Data supplied section start

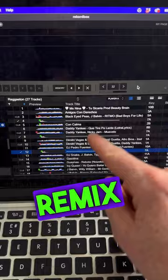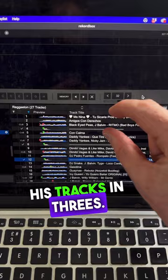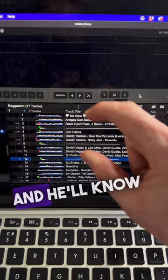One absolutely massive thing I've learned from watching James Hype's tutorials is that he knows every remix and mashup he's going to do before he goes out and performs. What he does is he groups his tracks in threes — one track with an acapella that goes over the top, flowing perfectly into another set, and he'll know exactly how that routine will work.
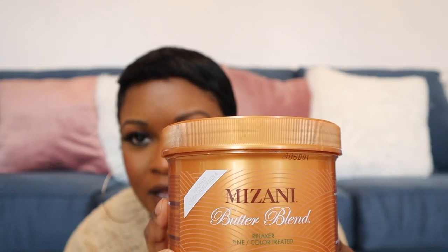The first product is the Mizani Butter Blend. This product is absolutely amazing — it gets my hair straight without the burning or the scabs that come with relaxing your hair if you leave it in too long. I can leave this in a little bit longer than any other relaxer and I don't get that burning. I was introduced to this by another YouTuber, Larissa Nelson, and I have not looked back since.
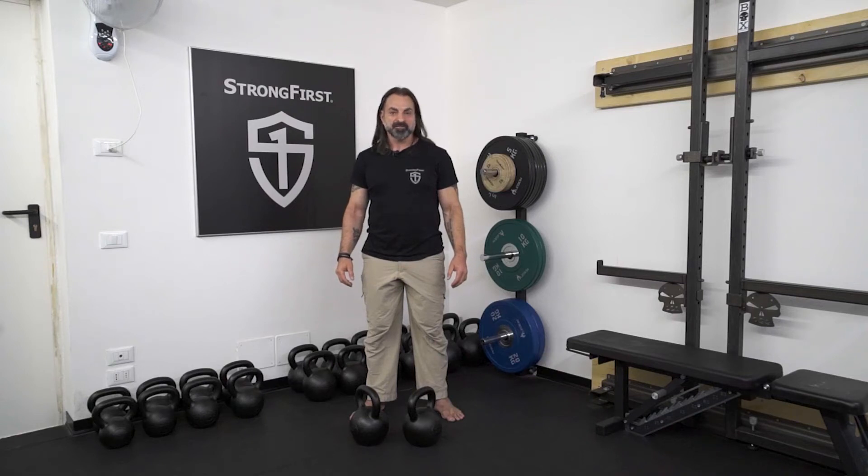Double kettlebell front squat. For this exercise you need to be able to perform a double kettlebell clean. If you're not yet able to, I suggest that you check out StrongForce Kettlebell, an instructional course by Pavel Tetzuli right here on strongandfit.com.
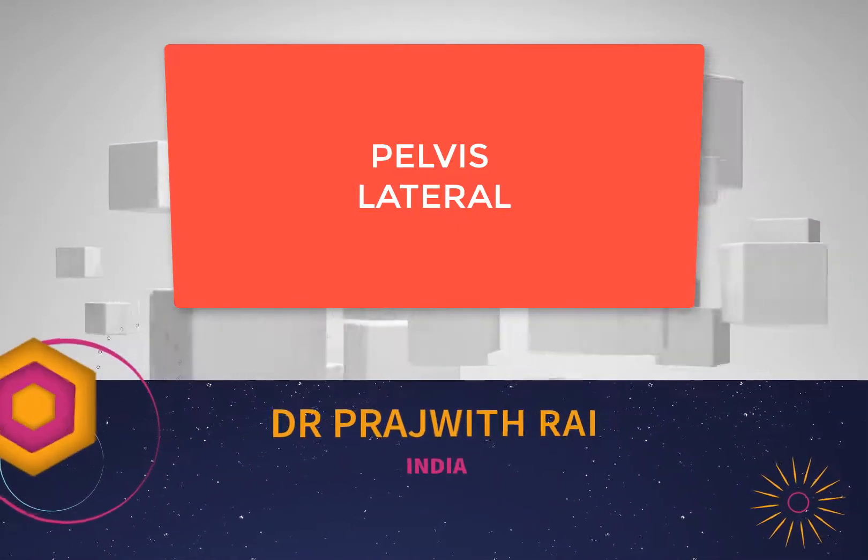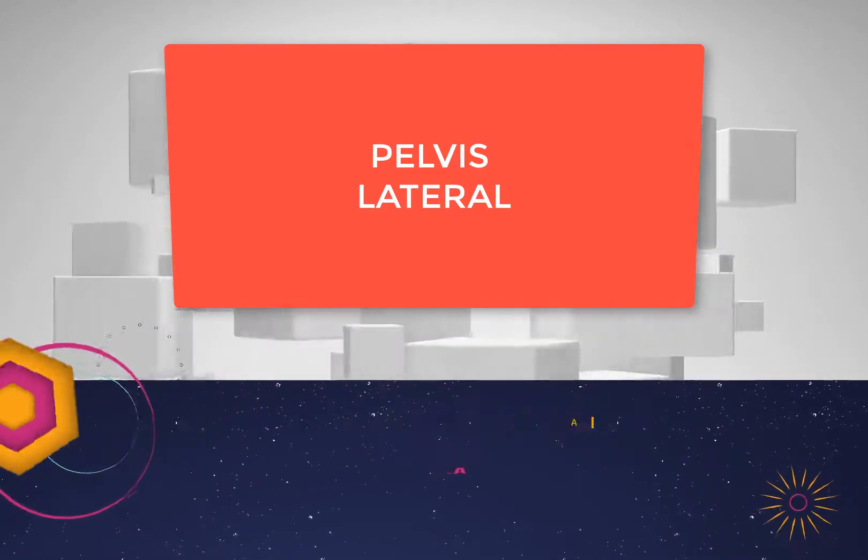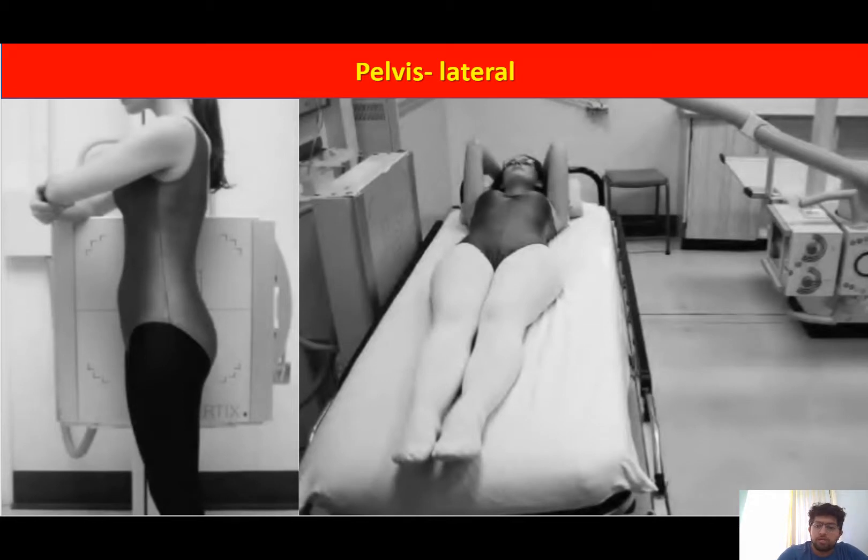The lateral radiograph of the pelvis is rarely done now. When it is done, it can be performed in either a supine or an erect position. When the patient is in the supine position, hands should be kept above and behind the head. When the patient is in the erect position, hands should be folded anteriorly so they do not come in the way of imaging. The patient stands such that the detector or cassette is on one side and the X-ray tube is on the other side.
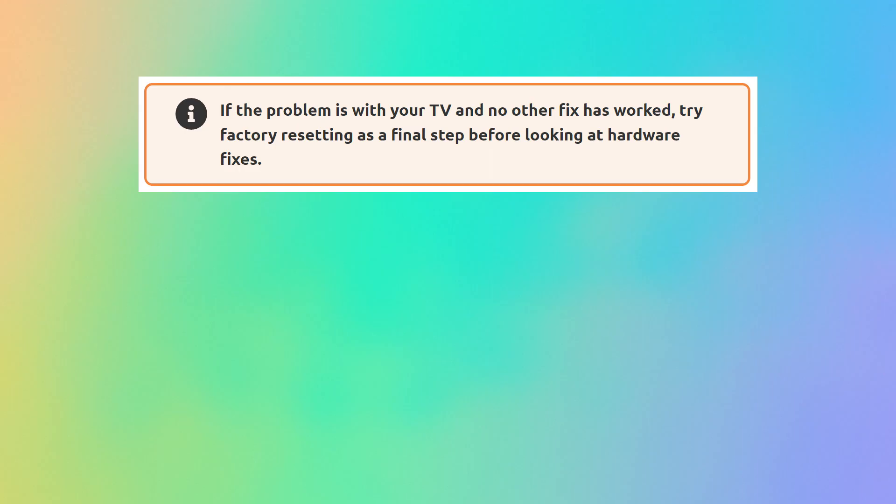If you're still having problems connecting your Roku to Wi-Fi then just try factory resetting it, and that usually does the trick.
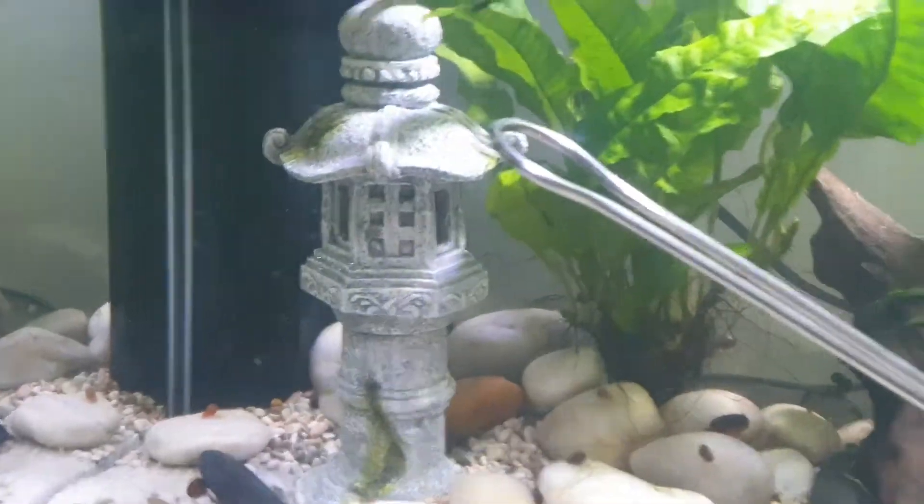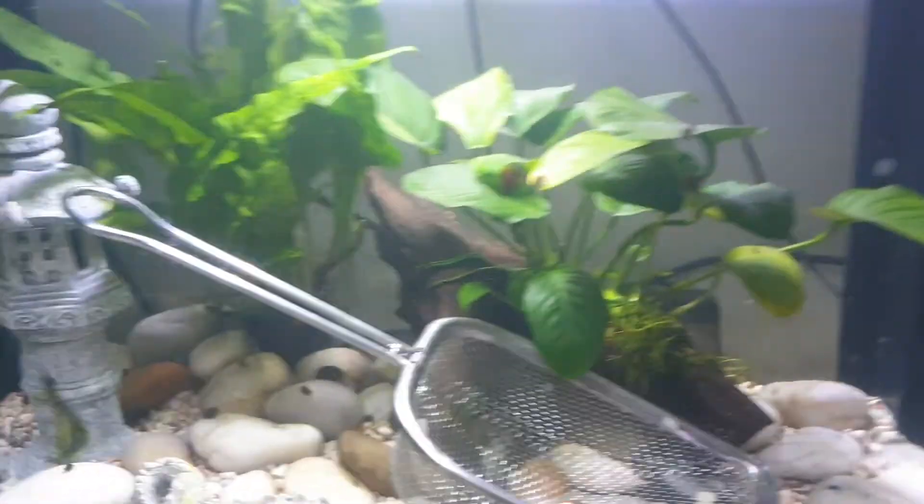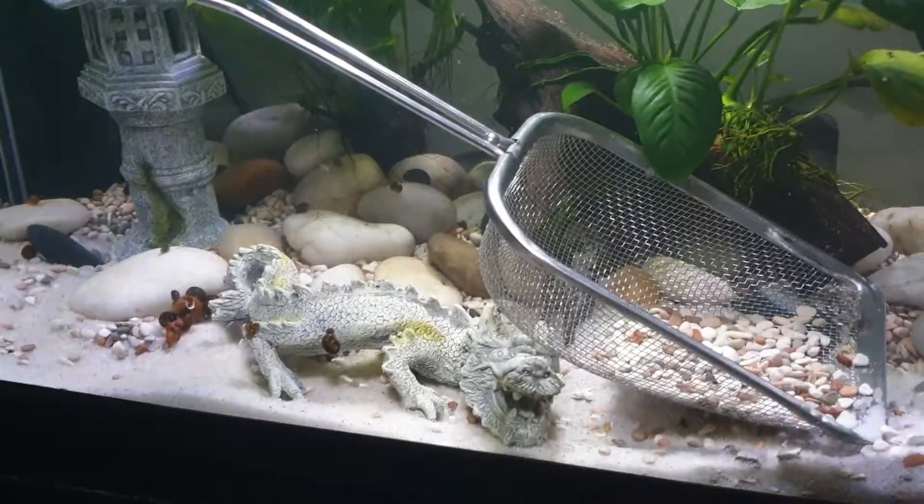I got that today, hopefully it looks alright. Not sure if I like it being on that side or if I should put it here or in the centre. Unsure.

Data supplied section end

**Problem requirements**. Leaving the pictures out, give back each line above exactly.

**Result below**.
One absolutely massive thing I've learned from watching James Hype's tutorials is that he knows every remix and mashup he's going to do before he goes out and performs. What he does is he groups his tracks in threes — one track with an acapella that goes over the top, flowing perfectly into another set, and he'll know exactly how that routine will work.
The first product is the Mizani Butter Blend. This product is absolutely amazing — it gets my hair straight without the burning or the scabs that come with relaxing your hair if you leave it in too long. I can leave this in a little bit longer than any other relaxer and I don't get that burning. I was introduced to this by another YouTuber, Larissa Nelson, and I have not looked back since.
Double kettlebell front squat. For this exercise you need to be able to perform a double kettlebell clean. If you're not yet able to, I suggest that you check out StrongForce Kettlebell, an instructional course by Pavel Tetzuli right here on strongandfit.com.
The lateral radiograph of the pelvis is rarely done now. When it is done, it can be performed in either a supine or an erect position. When the patient is in the supine position, hands should be kept above and behind the head. When the patient is in the erect position, hands should be folded anteriorly so they do not come in the way of imaging. The patient stands such that the detector or cassette is on one side and the X-ray tube is on the other side.
If you're still having problems connecting your Roku to Wi-Fi then just try factory resetting it, and that usually does the trick.
I got that today, hopefully it looks alright. Not sure if I like it being on that side or if I should put it here or in the centre. Unsure.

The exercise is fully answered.